Adding hemp to chicken feed may provide a way for farmers to enrich their eggs, according to a recent German study.

While farmers often give flax or chia seeds – both rich in omega-3 fats – to egg-laying hens, hemp seed is rarely if ever used.

But with hemp production on a worldwide rise, scientists at the Federal Research Institute for Animal Health wanted to figure out whether by-products of hemp could be used as an alternative feed supplement.

Published in the Journal of Consumer Protection and Food Safety, their study suggests that feed made from hemp can be safely given to hens while providing egg farmers with the “possibility of the enrichment of yolk fat.”

Hemp seed cake, the by-product of pressing hemp for oil, was compared with rapeseed cake, a popular feed supplement among German egg farmers, and the less common linseed cake. THC and CBD levels in the hemp cake were both below 0.005%.

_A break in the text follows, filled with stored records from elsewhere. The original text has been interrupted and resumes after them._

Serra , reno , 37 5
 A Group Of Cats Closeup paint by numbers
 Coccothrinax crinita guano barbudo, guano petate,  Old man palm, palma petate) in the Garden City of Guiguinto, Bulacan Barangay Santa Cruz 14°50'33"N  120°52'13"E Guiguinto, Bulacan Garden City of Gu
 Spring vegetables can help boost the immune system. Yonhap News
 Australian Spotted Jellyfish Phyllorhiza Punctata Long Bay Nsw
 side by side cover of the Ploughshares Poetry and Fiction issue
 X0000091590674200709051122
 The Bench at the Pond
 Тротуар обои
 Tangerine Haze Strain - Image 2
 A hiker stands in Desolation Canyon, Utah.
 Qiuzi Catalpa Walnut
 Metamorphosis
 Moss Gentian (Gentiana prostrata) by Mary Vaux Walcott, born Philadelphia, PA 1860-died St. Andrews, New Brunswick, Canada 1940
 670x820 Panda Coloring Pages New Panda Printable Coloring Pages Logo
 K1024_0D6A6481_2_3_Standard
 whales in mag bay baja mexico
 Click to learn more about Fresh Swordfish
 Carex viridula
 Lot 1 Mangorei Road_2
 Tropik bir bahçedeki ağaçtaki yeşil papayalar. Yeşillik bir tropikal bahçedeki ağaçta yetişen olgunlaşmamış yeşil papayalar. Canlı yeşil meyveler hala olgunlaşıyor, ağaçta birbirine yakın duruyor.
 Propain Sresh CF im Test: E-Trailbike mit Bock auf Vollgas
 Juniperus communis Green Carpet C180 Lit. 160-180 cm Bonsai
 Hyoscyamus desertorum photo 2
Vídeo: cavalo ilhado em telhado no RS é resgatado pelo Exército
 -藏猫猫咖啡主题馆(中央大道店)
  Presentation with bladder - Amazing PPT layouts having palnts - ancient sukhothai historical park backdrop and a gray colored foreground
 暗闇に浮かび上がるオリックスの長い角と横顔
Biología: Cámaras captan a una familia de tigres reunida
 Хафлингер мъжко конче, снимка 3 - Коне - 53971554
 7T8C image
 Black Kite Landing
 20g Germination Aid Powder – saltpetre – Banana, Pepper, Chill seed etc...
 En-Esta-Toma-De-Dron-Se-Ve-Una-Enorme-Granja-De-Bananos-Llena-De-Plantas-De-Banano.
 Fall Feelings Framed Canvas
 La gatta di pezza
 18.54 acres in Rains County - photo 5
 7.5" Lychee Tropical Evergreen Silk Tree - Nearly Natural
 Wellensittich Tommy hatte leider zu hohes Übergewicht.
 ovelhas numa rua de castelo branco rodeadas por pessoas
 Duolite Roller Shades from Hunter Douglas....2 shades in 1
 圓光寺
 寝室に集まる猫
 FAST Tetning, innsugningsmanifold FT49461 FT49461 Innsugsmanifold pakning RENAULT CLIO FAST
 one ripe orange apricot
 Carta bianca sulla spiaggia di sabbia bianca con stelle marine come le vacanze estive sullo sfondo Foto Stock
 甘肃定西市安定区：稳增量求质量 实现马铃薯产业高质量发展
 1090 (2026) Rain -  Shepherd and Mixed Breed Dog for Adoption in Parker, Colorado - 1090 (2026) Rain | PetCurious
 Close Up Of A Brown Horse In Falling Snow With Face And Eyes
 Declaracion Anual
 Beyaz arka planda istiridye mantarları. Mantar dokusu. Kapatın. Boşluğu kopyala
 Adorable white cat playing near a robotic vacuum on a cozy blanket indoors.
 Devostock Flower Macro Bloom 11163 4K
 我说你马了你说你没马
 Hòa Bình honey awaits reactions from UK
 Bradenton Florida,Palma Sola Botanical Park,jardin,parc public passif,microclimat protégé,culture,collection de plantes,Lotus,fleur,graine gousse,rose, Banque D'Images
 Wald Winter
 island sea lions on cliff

While the study was the first to compare hemp with other omega fat sources, similar results were achieved last year with hemp seed and hemp seed oil at the University of Manitoba, Canada. Up to 20% of feed was supplemented without any negative effects on the hens, the authors wrote.

“The inclusion of the hemp products HS or HO in the diets of laying hens up to a maximum level of 20 and 12%, respectively, does not adversely effect the performance of laying hens and leads to the enrichment of the n-3 fatty acid content of eggs.”

In the latest study, hens that were fed hemp produced the largest eggs by weight. The egg yolks were also richer in omega-3 fats than the yolks from hens in the rapeseed group, but not the yolks from linseed hens.

Livestock feed could be a smart way to use by-products of hemp that would otherwise be treated as waste. Unfortunately, laws vary by country and even major hemp producers like Canada have yet to approve the use of hemp in livestock feed – citing a lack of research on its safety.

On the other hand, hemp feed happens to be permitted in the U.S. under a DEA exemption. More research on chickens is also underway in Canada, reports Alberta Farmer Express.